WHAT THE TASK REQUIRES — Show every line below where "Sport" can be found.

##########

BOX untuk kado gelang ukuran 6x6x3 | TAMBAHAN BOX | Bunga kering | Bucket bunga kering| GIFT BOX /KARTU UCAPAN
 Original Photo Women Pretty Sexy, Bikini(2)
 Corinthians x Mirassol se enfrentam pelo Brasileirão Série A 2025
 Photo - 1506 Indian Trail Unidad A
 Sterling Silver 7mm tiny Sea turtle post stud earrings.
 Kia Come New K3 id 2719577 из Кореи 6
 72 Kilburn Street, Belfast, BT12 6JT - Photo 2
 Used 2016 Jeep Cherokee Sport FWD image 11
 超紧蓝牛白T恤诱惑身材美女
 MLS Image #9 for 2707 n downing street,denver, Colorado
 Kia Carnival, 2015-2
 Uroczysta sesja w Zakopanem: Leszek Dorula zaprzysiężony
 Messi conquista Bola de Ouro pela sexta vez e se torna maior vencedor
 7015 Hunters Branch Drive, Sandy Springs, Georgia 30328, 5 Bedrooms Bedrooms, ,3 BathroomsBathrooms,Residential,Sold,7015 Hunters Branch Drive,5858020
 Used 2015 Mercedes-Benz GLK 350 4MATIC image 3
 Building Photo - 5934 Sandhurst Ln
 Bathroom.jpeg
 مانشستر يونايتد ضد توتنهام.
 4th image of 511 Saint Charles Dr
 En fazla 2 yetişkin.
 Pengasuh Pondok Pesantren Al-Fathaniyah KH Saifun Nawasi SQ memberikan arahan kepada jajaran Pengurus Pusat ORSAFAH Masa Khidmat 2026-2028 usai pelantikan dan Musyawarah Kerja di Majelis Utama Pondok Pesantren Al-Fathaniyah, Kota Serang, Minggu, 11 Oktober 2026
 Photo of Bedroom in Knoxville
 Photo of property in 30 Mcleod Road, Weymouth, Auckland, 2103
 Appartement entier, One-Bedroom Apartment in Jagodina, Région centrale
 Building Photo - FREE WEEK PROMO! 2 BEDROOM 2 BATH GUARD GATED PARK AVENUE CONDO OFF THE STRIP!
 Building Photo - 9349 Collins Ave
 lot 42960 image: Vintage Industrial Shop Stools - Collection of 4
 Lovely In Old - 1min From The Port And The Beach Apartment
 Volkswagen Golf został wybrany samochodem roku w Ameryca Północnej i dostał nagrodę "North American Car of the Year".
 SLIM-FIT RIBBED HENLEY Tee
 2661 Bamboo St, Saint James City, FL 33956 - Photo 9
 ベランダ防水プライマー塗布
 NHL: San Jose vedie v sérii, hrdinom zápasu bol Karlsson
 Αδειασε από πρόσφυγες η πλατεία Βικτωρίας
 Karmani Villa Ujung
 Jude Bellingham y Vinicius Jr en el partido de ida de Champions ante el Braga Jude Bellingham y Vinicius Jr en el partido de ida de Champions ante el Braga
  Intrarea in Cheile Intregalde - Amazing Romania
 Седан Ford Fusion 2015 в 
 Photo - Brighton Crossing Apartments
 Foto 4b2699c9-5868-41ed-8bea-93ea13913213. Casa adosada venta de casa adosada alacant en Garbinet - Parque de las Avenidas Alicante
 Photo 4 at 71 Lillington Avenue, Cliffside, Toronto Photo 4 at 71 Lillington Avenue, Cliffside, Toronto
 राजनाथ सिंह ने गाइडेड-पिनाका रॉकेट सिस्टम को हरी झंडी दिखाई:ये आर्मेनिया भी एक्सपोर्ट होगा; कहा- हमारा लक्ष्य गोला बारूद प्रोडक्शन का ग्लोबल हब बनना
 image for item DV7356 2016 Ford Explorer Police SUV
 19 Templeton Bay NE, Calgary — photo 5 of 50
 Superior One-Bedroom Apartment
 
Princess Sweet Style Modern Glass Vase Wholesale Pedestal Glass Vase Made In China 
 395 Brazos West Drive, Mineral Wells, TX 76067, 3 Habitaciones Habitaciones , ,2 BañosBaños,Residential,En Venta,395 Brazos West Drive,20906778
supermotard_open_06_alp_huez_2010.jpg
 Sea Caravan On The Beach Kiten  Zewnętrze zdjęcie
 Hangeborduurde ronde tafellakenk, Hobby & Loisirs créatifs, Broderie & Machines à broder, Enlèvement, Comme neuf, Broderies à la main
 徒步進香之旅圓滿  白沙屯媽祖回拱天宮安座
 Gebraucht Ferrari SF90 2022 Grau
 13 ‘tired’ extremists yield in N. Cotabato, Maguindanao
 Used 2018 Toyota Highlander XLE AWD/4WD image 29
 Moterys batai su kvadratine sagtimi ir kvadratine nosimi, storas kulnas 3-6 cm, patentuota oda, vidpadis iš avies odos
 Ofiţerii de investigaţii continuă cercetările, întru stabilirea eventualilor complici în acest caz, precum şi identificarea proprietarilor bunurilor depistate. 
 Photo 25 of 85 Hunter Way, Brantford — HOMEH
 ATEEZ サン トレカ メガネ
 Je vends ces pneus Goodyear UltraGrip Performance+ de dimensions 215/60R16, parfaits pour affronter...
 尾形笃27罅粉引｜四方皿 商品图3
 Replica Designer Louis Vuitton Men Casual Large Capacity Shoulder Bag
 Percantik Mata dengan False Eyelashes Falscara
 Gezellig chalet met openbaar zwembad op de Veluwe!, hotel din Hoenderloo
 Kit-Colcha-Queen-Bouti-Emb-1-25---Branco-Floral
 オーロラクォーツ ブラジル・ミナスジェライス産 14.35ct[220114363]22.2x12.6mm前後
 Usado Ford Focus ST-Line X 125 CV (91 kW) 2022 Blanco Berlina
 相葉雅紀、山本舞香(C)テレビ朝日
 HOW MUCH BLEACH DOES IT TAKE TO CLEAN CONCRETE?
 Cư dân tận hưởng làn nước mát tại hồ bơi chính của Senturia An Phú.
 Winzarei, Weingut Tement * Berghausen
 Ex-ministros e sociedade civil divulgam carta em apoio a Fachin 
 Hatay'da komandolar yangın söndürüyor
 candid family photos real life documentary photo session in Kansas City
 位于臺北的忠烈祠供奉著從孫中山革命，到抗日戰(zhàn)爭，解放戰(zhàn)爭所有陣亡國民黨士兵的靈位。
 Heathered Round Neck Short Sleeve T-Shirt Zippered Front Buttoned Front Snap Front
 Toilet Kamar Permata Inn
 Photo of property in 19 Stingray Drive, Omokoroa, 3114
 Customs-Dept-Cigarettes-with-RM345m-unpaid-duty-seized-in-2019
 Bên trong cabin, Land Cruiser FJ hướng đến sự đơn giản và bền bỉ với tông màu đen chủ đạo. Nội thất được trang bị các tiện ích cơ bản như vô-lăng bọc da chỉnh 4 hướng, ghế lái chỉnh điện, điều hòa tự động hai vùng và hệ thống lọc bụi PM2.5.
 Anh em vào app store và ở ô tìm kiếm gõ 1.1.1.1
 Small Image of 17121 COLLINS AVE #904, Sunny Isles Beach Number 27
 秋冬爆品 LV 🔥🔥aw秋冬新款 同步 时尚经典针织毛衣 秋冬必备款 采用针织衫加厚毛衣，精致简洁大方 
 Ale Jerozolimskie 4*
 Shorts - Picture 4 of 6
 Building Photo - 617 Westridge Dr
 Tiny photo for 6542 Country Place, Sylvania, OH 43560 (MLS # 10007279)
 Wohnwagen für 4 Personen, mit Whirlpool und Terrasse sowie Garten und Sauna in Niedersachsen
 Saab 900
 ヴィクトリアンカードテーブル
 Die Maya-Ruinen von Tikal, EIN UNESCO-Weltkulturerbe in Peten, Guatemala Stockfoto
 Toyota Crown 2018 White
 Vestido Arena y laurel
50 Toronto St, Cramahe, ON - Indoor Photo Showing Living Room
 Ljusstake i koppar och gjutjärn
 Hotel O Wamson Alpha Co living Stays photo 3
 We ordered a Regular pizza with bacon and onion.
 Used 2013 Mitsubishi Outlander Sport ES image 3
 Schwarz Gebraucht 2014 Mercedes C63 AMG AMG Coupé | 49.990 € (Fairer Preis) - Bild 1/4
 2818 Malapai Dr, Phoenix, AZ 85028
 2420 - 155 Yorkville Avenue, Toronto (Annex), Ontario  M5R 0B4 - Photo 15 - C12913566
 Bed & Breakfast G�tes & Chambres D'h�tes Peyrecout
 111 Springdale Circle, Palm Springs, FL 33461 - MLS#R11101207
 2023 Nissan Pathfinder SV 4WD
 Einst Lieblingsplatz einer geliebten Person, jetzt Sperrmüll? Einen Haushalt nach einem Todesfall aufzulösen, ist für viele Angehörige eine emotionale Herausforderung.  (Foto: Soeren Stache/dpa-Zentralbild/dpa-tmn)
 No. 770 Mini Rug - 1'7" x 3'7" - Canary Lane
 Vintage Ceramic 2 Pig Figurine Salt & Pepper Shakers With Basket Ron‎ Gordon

##########

RESPONSE AREA —
 Used 2016 Jeep Cherokee Sport FWD image 11
 Used 2013 Mitsubishi Outlander Sport ES image 3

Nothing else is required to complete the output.